United States District Court, S.D. Indiana, Terre Haute Division

January 30, 2015

WILLIAM ALLEN MILLER, Plaintiff,
v.
H. J. MARBERRY, et al., Defendants.

ENTRY GRANTING DEFENDANTS' MOTION FOR SUMMARY JUDGMENT AND DIRECTING ENTRY OF FINAL JUDGMENT

JANE MAGNUS-STINSON, District Judge.

The Court has before it the defendants' motion for summary judgment, which is fully briefed. For the reasons explained in this Entry, the motion for summary judgment must be granted.

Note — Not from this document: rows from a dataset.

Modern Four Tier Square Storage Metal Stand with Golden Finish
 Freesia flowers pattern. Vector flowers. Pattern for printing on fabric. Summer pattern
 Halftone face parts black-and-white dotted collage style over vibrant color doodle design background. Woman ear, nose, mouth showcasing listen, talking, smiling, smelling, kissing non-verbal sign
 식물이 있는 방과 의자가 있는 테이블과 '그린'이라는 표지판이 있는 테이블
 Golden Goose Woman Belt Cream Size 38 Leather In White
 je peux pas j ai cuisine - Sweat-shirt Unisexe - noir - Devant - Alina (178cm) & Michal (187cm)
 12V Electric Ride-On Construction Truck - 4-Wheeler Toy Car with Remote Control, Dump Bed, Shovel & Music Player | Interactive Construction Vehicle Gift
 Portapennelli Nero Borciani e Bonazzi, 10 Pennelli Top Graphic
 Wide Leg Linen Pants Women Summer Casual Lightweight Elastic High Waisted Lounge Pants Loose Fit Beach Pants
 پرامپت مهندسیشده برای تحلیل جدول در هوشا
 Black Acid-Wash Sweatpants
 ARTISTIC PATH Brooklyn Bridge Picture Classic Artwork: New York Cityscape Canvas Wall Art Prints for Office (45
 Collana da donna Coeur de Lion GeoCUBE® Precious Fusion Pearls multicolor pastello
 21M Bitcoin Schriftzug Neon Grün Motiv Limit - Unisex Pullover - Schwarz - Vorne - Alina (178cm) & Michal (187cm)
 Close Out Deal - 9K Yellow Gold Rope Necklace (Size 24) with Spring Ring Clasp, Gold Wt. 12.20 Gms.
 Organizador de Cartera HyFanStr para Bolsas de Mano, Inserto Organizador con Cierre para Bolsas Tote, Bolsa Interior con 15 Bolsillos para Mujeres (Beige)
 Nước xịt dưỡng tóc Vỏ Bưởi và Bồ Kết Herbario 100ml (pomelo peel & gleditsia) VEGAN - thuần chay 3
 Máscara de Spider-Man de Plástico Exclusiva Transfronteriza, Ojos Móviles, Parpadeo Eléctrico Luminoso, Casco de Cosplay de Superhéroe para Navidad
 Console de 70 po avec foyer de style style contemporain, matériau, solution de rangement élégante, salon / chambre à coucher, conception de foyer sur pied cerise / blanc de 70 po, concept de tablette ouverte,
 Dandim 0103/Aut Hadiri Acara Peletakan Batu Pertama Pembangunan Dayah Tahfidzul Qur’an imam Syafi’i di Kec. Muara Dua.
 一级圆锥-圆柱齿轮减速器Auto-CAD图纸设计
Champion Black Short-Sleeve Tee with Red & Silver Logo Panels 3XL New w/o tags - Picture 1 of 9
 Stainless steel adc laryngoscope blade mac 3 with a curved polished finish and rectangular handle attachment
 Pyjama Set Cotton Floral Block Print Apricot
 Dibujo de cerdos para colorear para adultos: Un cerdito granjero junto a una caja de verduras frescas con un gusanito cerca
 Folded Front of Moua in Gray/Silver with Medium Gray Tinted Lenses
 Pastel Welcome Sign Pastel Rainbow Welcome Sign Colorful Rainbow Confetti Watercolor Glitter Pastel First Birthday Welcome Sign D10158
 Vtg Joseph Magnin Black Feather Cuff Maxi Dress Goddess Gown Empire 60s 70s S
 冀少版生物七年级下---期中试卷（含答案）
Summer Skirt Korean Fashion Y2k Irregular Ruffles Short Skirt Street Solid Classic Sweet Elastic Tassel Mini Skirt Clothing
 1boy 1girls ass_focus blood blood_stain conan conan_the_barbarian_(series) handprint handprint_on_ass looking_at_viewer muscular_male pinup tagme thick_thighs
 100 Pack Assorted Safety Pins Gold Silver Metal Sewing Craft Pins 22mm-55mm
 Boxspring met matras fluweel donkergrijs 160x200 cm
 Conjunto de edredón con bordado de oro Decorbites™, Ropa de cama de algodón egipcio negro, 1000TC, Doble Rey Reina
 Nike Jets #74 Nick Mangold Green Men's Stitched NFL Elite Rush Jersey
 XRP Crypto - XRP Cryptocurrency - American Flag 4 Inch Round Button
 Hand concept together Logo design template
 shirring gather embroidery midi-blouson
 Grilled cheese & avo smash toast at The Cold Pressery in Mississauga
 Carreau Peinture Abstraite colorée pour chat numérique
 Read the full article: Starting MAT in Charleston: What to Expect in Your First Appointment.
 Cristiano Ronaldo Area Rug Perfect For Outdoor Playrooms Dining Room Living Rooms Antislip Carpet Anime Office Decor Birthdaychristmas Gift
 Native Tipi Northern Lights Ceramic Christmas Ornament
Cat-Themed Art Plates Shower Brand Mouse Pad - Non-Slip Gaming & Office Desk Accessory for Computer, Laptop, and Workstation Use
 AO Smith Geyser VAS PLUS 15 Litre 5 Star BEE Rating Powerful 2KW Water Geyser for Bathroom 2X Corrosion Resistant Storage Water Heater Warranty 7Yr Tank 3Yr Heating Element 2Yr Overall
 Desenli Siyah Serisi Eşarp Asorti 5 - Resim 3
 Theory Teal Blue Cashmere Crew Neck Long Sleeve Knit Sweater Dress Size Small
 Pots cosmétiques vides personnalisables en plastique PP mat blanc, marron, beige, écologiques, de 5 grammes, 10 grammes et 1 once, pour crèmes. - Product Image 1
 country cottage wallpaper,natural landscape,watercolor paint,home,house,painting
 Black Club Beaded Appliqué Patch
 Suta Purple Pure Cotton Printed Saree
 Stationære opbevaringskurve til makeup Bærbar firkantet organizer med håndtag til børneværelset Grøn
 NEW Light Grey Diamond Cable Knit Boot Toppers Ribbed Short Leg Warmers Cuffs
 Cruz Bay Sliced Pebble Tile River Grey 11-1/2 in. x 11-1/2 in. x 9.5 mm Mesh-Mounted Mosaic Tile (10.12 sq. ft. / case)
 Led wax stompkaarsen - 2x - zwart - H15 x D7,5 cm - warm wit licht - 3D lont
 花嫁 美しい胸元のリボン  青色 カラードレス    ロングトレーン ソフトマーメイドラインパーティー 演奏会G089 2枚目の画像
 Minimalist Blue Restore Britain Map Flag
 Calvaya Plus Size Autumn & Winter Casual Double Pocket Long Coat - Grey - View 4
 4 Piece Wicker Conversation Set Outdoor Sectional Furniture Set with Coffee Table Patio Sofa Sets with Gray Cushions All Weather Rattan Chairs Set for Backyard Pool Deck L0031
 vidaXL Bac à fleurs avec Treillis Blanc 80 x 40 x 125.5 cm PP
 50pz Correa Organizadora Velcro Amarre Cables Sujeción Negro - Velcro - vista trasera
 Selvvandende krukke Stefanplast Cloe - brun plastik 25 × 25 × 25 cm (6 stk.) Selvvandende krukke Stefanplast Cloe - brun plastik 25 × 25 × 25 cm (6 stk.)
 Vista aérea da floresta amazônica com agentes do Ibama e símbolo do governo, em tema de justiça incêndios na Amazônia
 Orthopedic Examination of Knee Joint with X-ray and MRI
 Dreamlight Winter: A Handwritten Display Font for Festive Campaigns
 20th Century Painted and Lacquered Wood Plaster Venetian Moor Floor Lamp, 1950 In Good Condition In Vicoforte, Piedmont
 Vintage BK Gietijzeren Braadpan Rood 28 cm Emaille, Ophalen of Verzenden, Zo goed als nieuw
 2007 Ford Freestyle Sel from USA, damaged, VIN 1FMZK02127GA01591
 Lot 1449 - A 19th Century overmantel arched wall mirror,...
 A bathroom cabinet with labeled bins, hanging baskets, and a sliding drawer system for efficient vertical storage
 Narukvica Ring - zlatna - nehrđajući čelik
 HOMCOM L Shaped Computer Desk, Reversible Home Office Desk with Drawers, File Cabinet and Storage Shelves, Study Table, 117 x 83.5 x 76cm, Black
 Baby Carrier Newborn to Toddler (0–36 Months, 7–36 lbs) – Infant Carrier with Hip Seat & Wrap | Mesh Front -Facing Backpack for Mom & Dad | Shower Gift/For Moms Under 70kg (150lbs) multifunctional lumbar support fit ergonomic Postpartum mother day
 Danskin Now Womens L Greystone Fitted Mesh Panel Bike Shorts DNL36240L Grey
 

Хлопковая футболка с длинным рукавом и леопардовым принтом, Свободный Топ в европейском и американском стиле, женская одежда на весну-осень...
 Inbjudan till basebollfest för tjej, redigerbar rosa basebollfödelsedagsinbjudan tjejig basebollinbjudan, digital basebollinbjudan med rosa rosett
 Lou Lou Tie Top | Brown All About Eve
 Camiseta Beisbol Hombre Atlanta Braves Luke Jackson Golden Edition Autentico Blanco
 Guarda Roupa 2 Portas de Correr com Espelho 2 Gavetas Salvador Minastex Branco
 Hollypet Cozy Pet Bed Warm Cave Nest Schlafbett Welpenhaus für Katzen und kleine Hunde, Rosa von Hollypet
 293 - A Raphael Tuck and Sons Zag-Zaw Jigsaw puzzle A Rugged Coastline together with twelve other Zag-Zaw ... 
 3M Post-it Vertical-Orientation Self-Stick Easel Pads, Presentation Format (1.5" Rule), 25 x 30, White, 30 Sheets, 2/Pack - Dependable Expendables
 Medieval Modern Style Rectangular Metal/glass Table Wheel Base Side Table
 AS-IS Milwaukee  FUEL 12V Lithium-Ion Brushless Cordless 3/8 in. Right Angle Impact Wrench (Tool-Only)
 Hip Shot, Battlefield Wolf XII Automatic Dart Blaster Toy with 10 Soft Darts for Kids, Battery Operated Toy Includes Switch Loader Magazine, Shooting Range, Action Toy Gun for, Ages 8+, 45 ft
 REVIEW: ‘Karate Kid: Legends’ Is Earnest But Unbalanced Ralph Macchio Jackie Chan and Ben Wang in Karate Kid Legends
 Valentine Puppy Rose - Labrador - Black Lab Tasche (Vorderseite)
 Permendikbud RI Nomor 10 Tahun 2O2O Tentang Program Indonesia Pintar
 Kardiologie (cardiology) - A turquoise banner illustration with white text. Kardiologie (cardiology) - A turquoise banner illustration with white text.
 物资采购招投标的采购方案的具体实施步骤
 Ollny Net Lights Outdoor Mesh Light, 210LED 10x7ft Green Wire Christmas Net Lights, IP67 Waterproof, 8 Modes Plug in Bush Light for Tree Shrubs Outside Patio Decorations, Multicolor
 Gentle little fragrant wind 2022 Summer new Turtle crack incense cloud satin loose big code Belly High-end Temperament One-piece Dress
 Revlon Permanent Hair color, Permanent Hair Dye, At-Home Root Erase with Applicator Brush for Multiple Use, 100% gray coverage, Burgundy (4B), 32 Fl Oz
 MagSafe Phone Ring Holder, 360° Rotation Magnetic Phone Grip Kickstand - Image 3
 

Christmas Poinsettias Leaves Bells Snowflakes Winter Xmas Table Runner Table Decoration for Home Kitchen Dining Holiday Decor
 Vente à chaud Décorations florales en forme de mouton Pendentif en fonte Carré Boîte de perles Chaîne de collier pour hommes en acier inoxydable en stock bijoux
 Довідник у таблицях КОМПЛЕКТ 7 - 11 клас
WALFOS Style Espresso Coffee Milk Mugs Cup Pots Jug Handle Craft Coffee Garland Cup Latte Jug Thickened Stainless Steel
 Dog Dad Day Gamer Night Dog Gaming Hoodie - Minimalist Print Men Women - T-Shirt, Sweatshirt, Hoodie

I. Parties and Nature of the Action

William Miller is the plaintiff. Miller is an inmate at the Federal Correctional Complex in Terre Haute, Indiana ("the FCC") and alleges that he suffered injuries because of the misconduct of the defendants in failing to honor his assignment to a bottom bunk. Specifically, Mr. Miller claims that his Eighth Amendment rights were violated by Warden Marberry and Officer Rogers when Miller was forced to sleep on a top bunk, despite having a lower bunk restriction due to a brain tumor. The action is brought pursuant to the theory recognized in Bivens v. Six Unknown Named Agents, 403 U.S. 388 (1971).

There are three defendants, these being (1) former FCC Warden H.J. Marberry, (2) Correctional Officer Gary Rogers, and (3) Nurse Trisa Haddix. Each defendant is employed by the Federal Bureau of Prisons ("BOP").

Based on the ruling of August 22, 2013, the action is proceeding only as to the claim which reasonably arises from the events detailed in Administrative Remedy Request 610075. The full text of Administrative Remedy Request 610075 is the following:

On 1/6/09 I was put in SHU for investigation. I am a disabled man with a brain tumor, and had previous neck surgery and was on a prescribed narcotic (percoset). I had several medical needs, namely a cane, special shoes, lwr.bunk etc. When I was put in the SHU by C/O Nichols I wasn't given these items. On 2/14/09 I fell out of bed breaking my back, forcing me to have surgery. I fell from an upper bunk, which staff was deliberately indifferent to me getting a lower bunk as well as my other special items (see above). My cell mate refused to let me have a lower bunk. I request a complete investigation to this 8th amendment violation (deliberate indifference) to my rights. Administrative remedy is delayed due to no knowledge until now of constitutional violation.

II. Summary Judgment Standard

Summary judgment is appropriate when "the movant shows that there is no genuine dispute as to any material fact and the movant is entitled to judgment as a matter of law." Fed.R.Civ.P. 56(a). A factual dispute is "material" only if it might affect the outcome of the case. Anderson v. Liberty Lobby, Inc., 477 U.S. 242, 248 (1986). For an issue to be "genuine, " a reasonable fact-finder must be able to return a verdict in favor of the non-moving party. Id.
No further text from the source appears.